А затем я вижу себя входящим в больничную палату. В нос мне ударяют устоявшиеся, едва переносимые запахи, особенно резок запах мочи. В палате восемь женщин. Слева от окна лежит Стопарик. Грязные, слипшиеся волосы обрамляют ее бледное лицо с закрытыми глазами. Дыхание у нее тяжелое, с хрипами. Я сажусь на краешек кровати. Лора открывает глаза. Я кладу на тумбочку сетку с фруктами:
— Вот, принес тебе. Поправляйся скорее.
— Это ты! Да кроме тебя и некому, — тяжело, медленно, но с улыбкой говорит, а точнее, шепчет Лора. — Увидеть бы сейчас папку с мамкой, да сестренку. Мы в лесу, на хуторе жили. Солдаты нас всех схватили, посадили в машину и увезли. Меня и сестренку в детдом отправили, а папка с мамкой пропали. Я больше их не видела. Сестра вскоре умерла. От болезни. Не знаю, от какой. Лет двенадцать мне было, когда я стащила из кладовки туфельки и продала. Есть очень хотелось. Хорошие туфельки, крепкие. А потом из-за этих туфелек сбежала из детдома. Испугалась! Искать их начали. И пошло, поехало! — Стопарик замолкает. Предчувствие, страшное предчувствие холодом пронизывает мне грудь.

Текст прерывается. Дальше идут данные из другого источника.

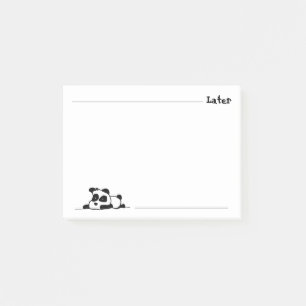 Lazy panda post-it notes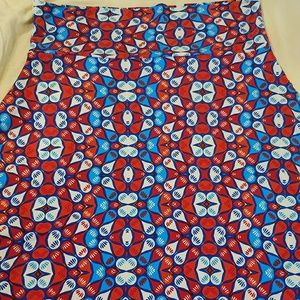 Lularoe XL Azure A-line skirt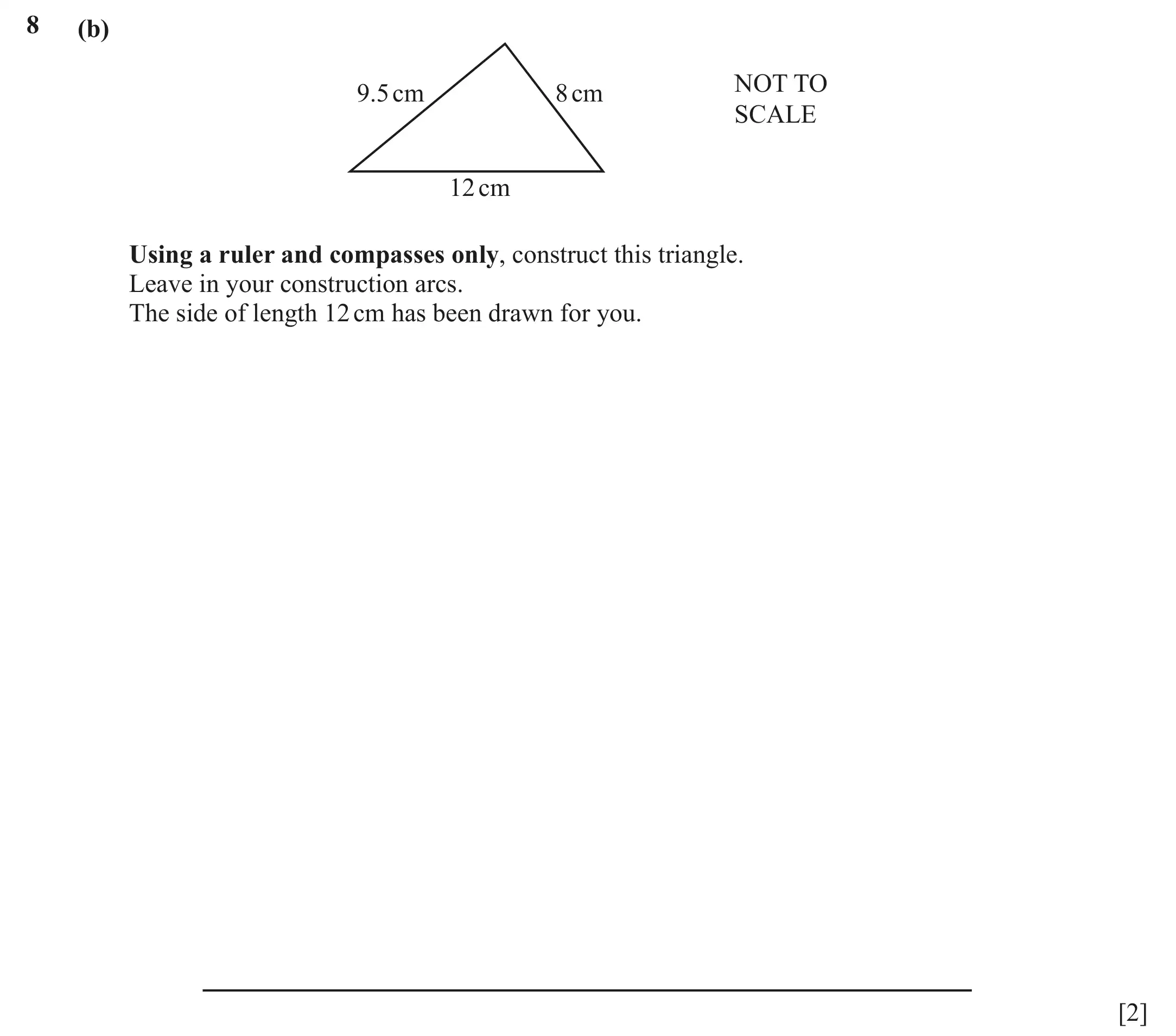 Question 8(b) - Cambridge IGCSE Maths Past Papers - Core Calculator March 2022 - Paper 1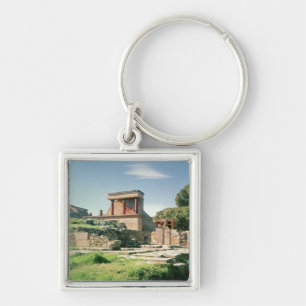 Ansicht des Palastes von Knossos Schlüsselanhänger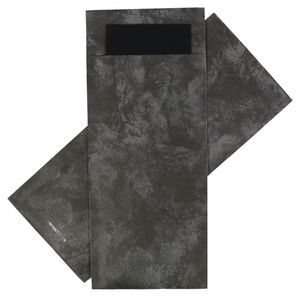 Picture 1 of Bestekzakje IEZZY 190x85mm antraciet gemarmerd met zwart servet 500st
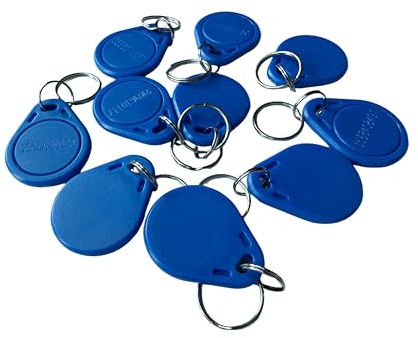 YARONGTECH RFID 1K tag 13,56 MHz ISO14443A RFID nyckelring -10 st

— Как твоя фамилия? — в волнении спрашиваю я. — Настоящая фамилия!
— Да, Гена, тебе нужно знать мою фамилию, ведь меня и хоронить-то кроме тебя некому. Нет у меня на земле никого. Запомни, я Лариса Ивановна Кречетова.
Я едва удерживаю рвущийся из меня нечеловеческий вопль. В памяти мгновенно проносится хутор под Валдаем, хозяйка, ее муж-дезертир и две их дочки.
— Кто, почему нам определил такую вот жизнь? Чья воля заложила нам такое будущее? А может, прав цыган? И я действительно нарушил закон Рита о чистоте рода и крови. Он ведь сказал перед смертью, что даже если я это сделал по незнанию, мне все равно не простится. Кровные заповеди! Не договорив тогда, цыган захрипел и упал лицом в землю. Нет! Это ты, Макошь, со своими дочками нам такое наплела?